Let me start with a disclaimer: I’m as tired of this satellite camp issue as I’m sure some of you are.

But there’s new information tonight that deepens the saga.

I’ll sit back and let those who are reporting on this situation fill you in…

In other words, the Pac-12 expected to vote in favor of open season for satellite camps. But UCLA, which doesn’t need them due to its prime real estate in Los Angeles and greater Southern California, decided it would go rogue.

Sun Belt commissioner Karl Benson said a majority of the conference was pro-satellite camp, though Texas State AD Larry Teis voted for the Sun Belt in favor of banning the camps. There are plenty of conspiracy theorists who will tell you that the SEC somehow influenced the Sun Belt’s vote.

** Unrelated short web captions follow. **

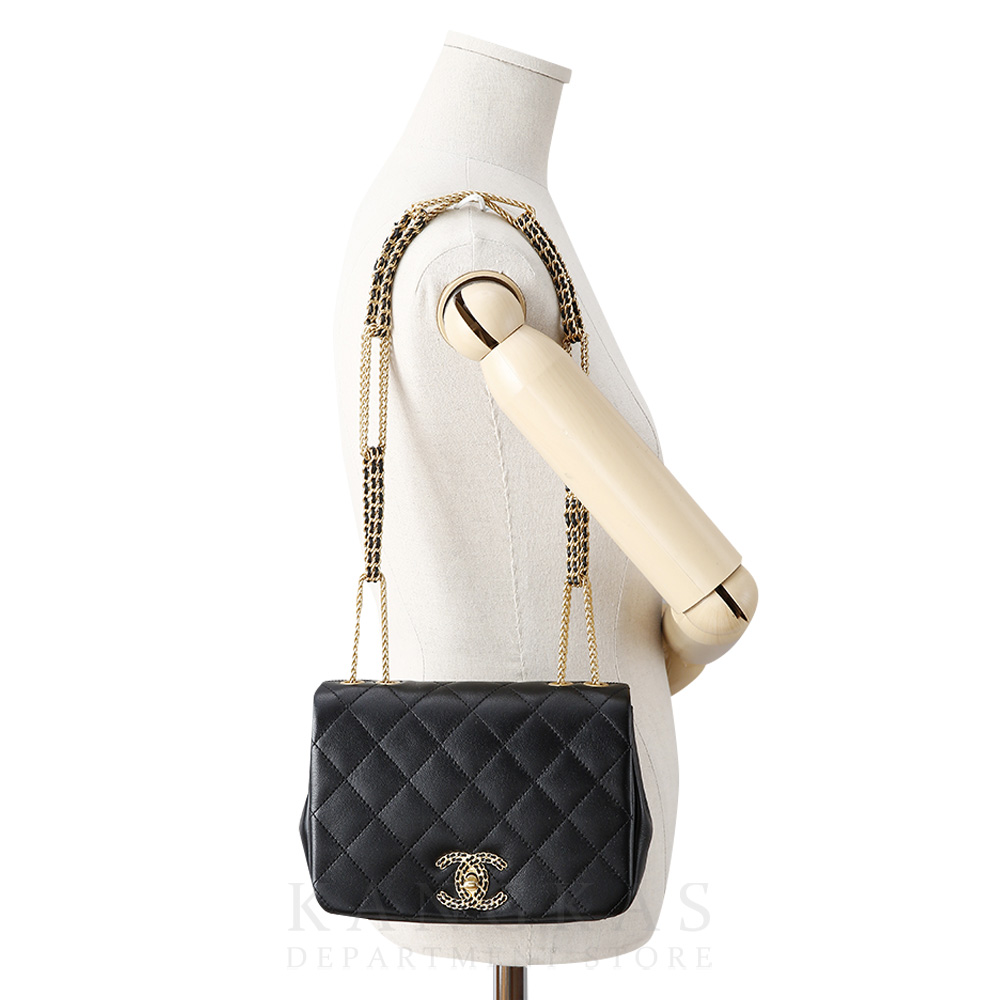 CHANEL(USED)샤넬 시즌 로고 체인 플랩백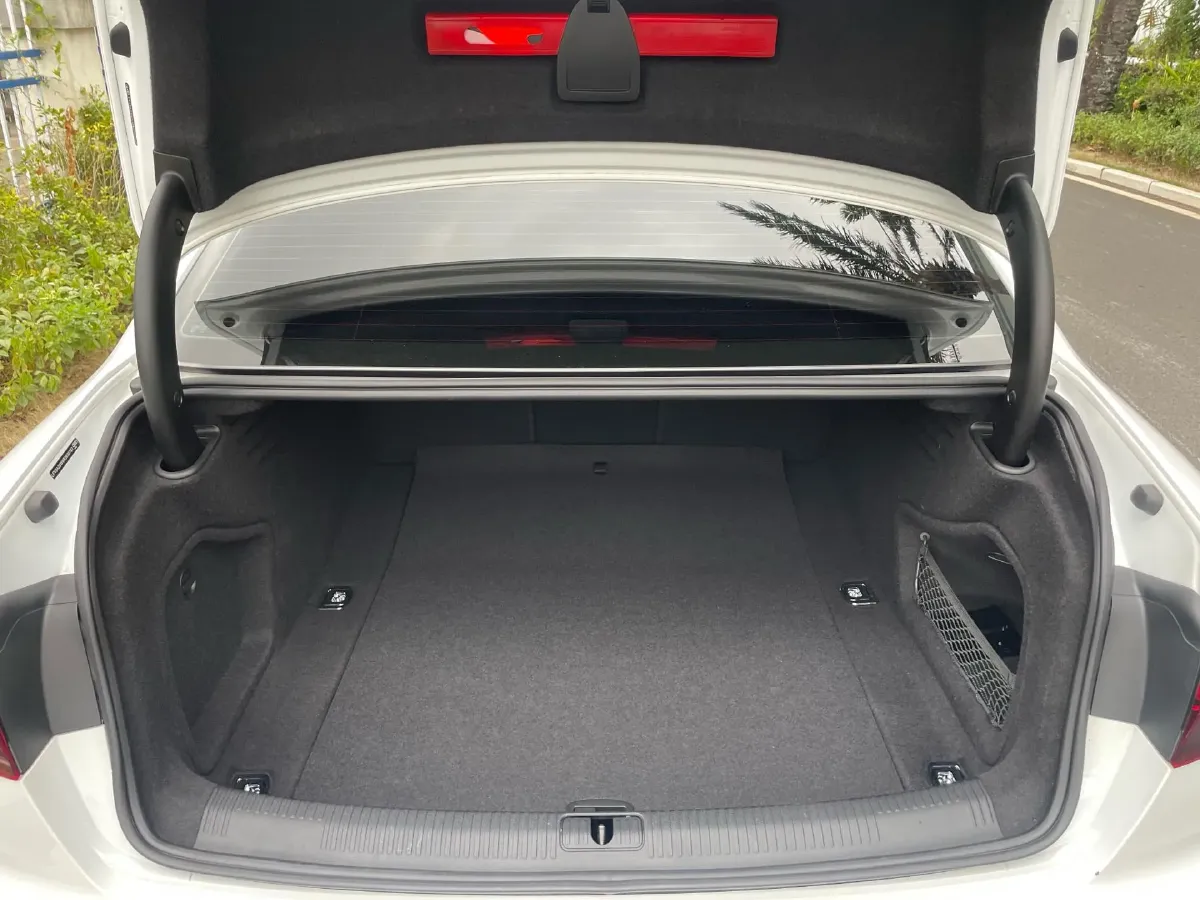 2024 Audi A4L 2.0T 190HP L4 7DCT,autocango,china used car exporter,china ev exporter,chinese used car exporter,chinese used ev exporter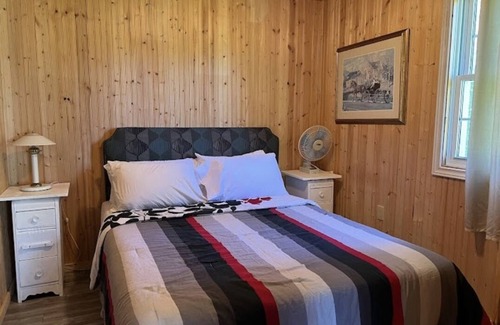 Stanley Bridge Cabaña | Hank’s Place - Creekside Cottages in Stanley Bridge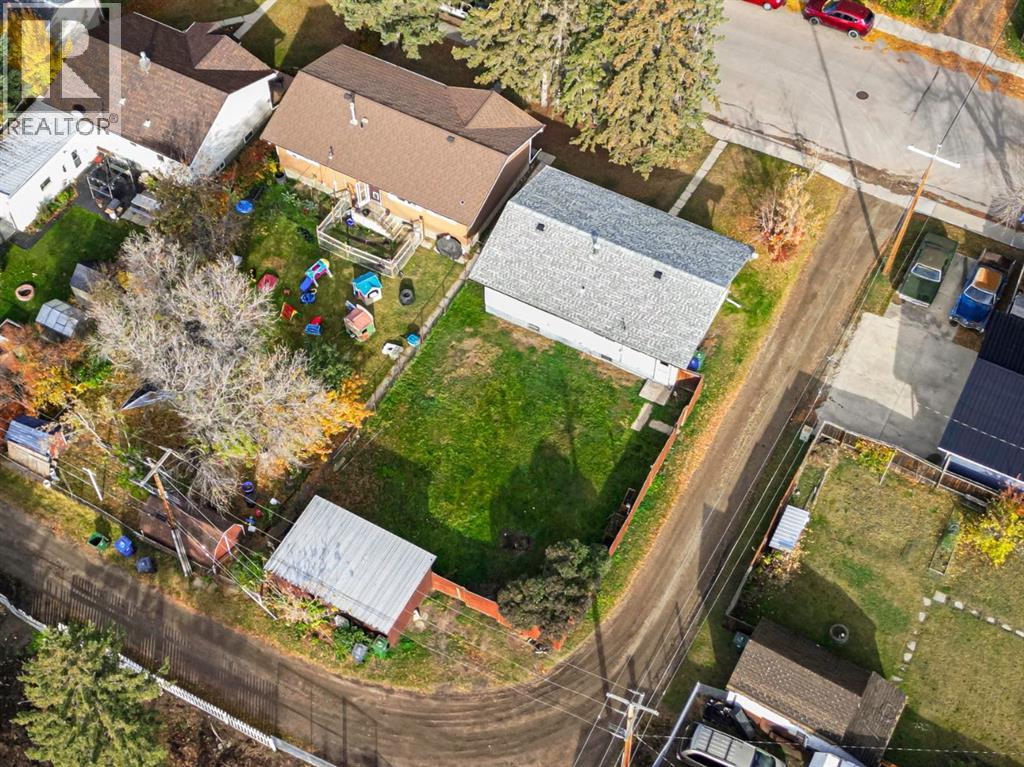 5015 46 Street Property Photo 13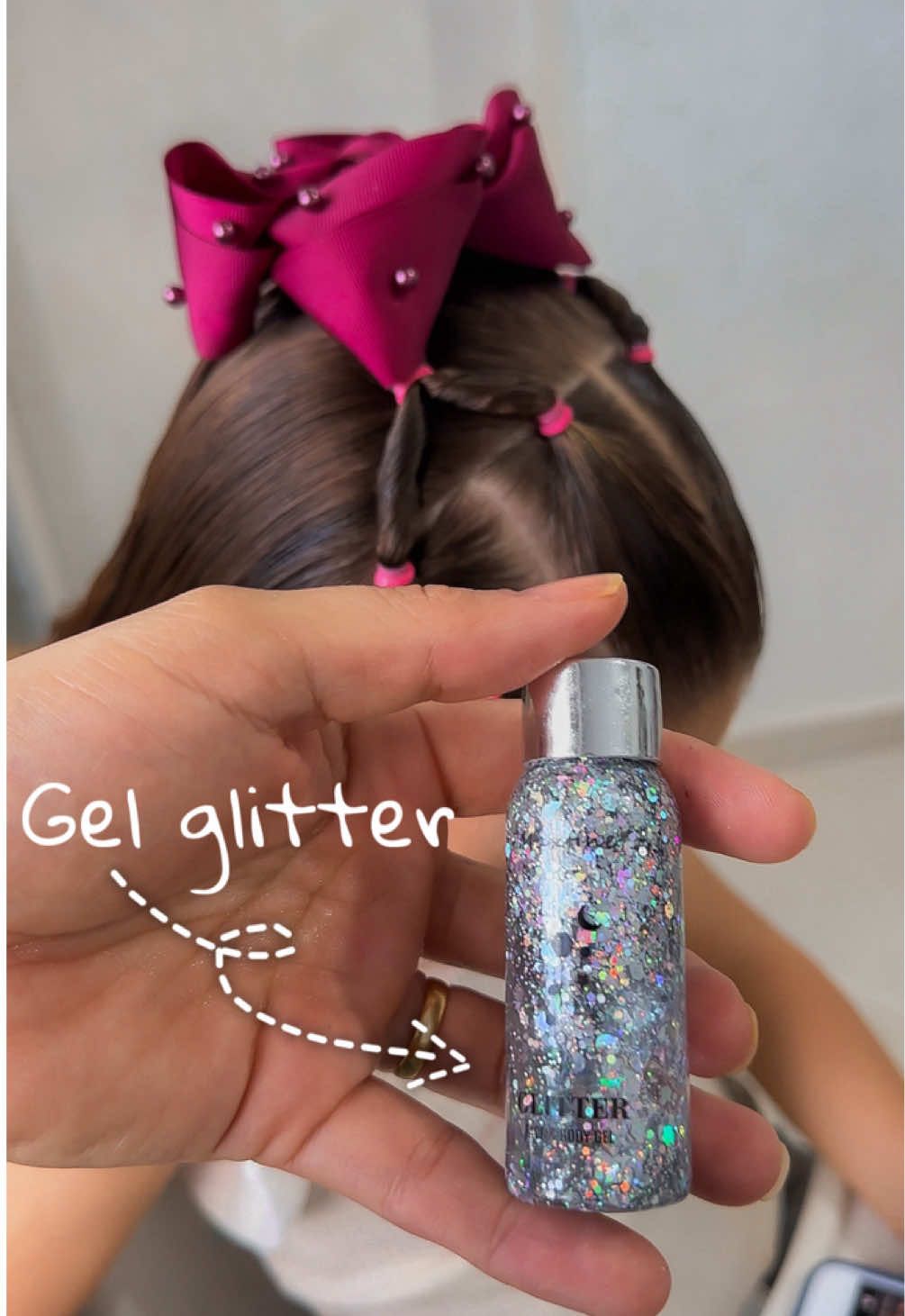 O pedido de vocês é uma ordem, aplicação do gel gliter 🎀 penteado infantil  . . . . . #penteadoinfantil #peinados #maedemenina #dicasdecabelo #cabeloinfantil 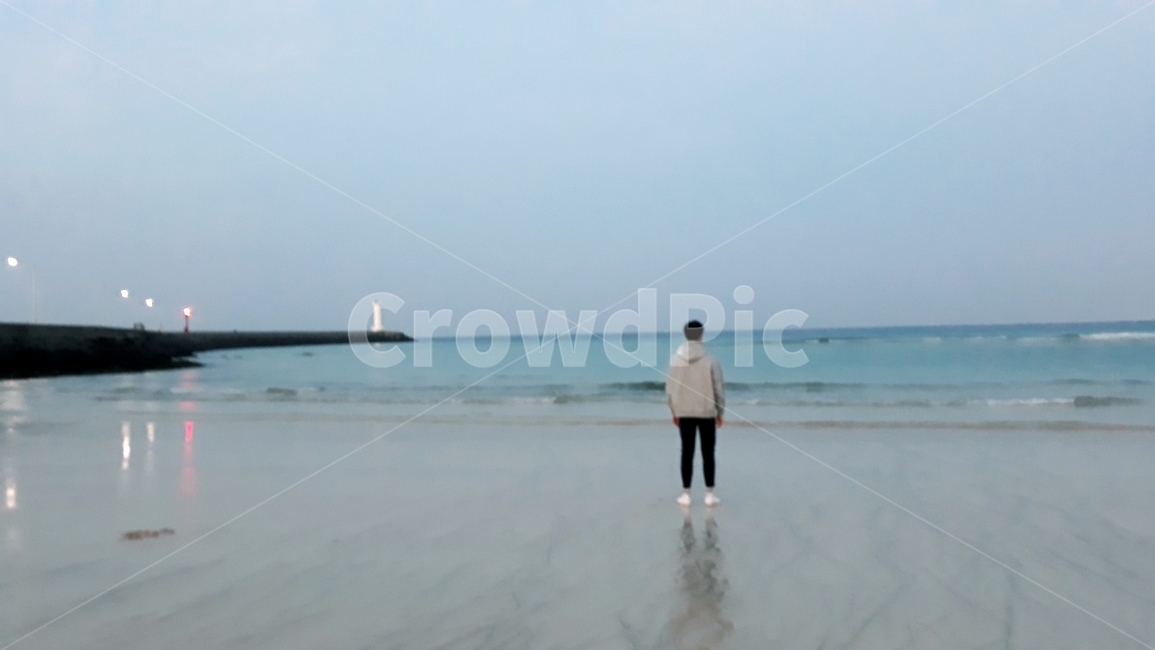 바다,해안,구름,먹구름,흐림,모래사장,해변,수평선,남성,남자,man,male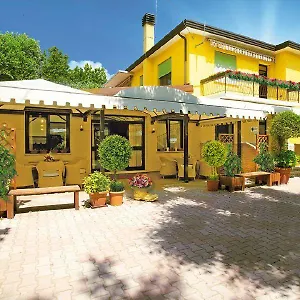 locanda-da-scarpa.hotelslidodijesolo.com/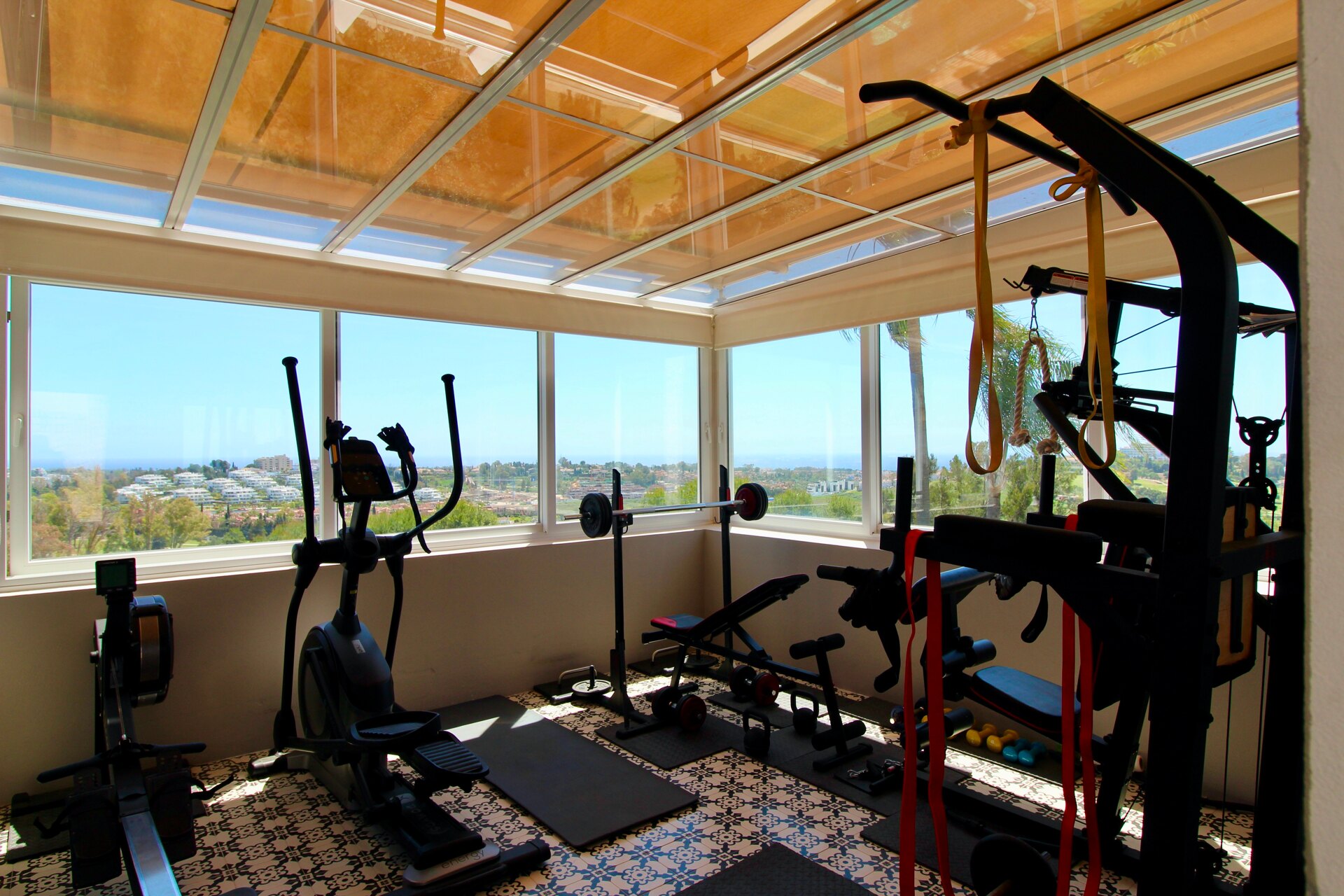 Villa with panoramic views on the first line of golf for sale in Nueva Atalaya, Benahavís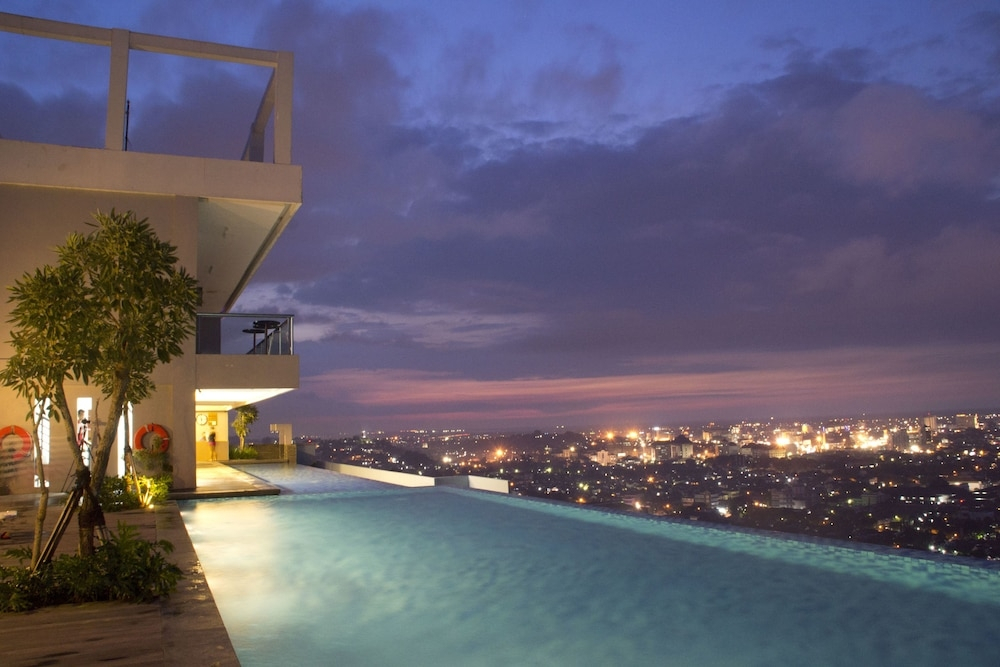 Horison Ultima Semarang - фото 7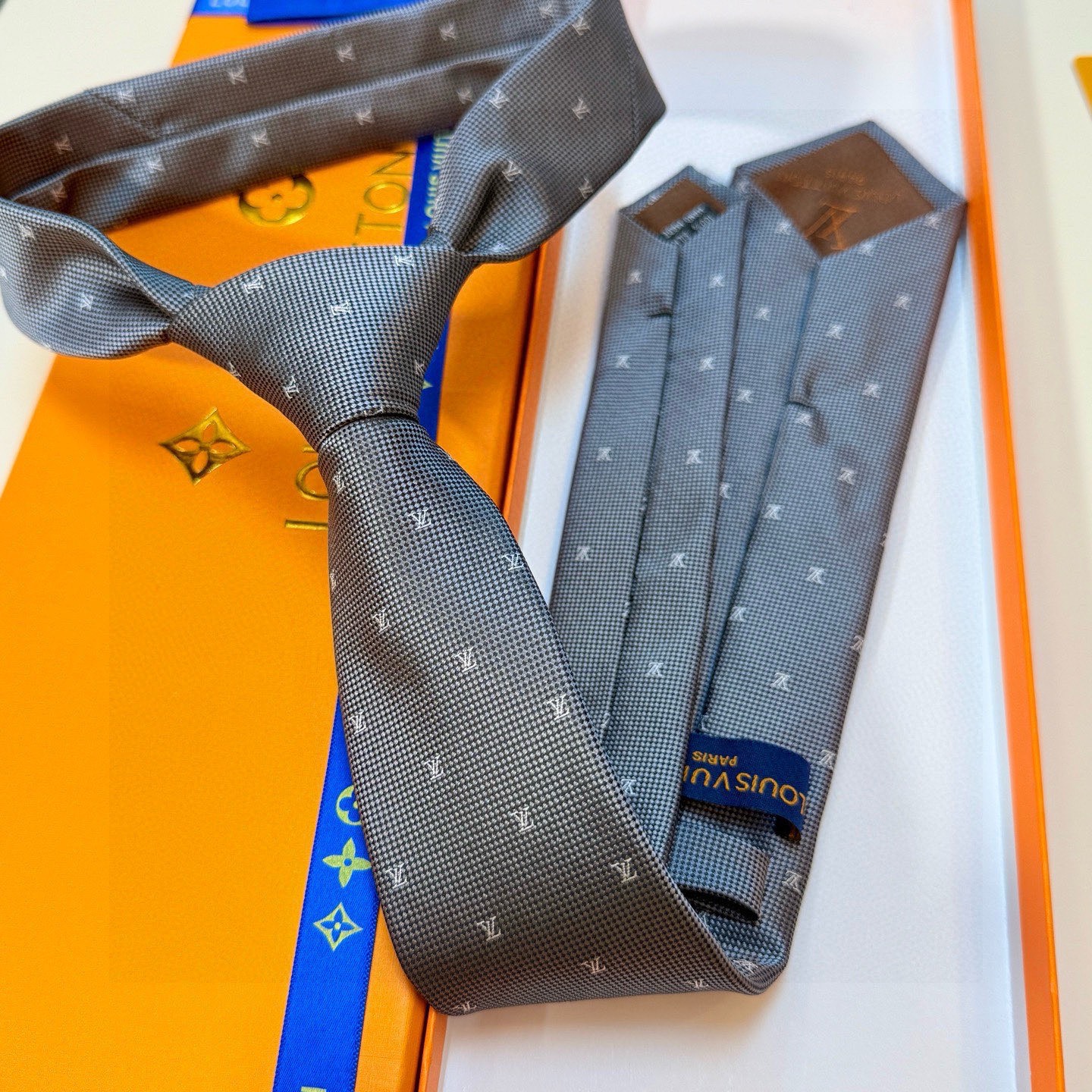 🌾 官方同步新款男士领带！LV领带系列👔👔，稀有😻😻展现精湛手工与时尚优雅的理想选择，此款真丝织就的Di
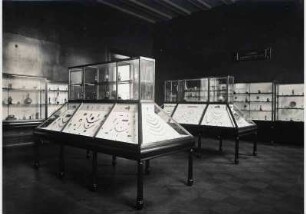 Aufstellung der Antikensammlung im Alten Museum, Antiquarium, Saal 5, Sammlung Friedrich Ludwig von Gans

Either way, satellite camps — staging or participating in football camps off campus, like Jim Harbaugh’s recent tour-de-force in the Southeast, is now banned. This issue may resurface at some point soon. In the meantime, it appears as though even the SEC may have been surprised that the vote came out in favor of a ban.

The SEC mostly has been opposed to satellite camps because it may give away a marginal recruiting advantage the league has based on its geographical footprint. Even with no satellite camps, though, there’s no way to ban the Harbaughs of the world from flying into Lakeland, Fla., to recruit a kid at his high school.

I’m still convinced that if this was taking place during the season, no one would care.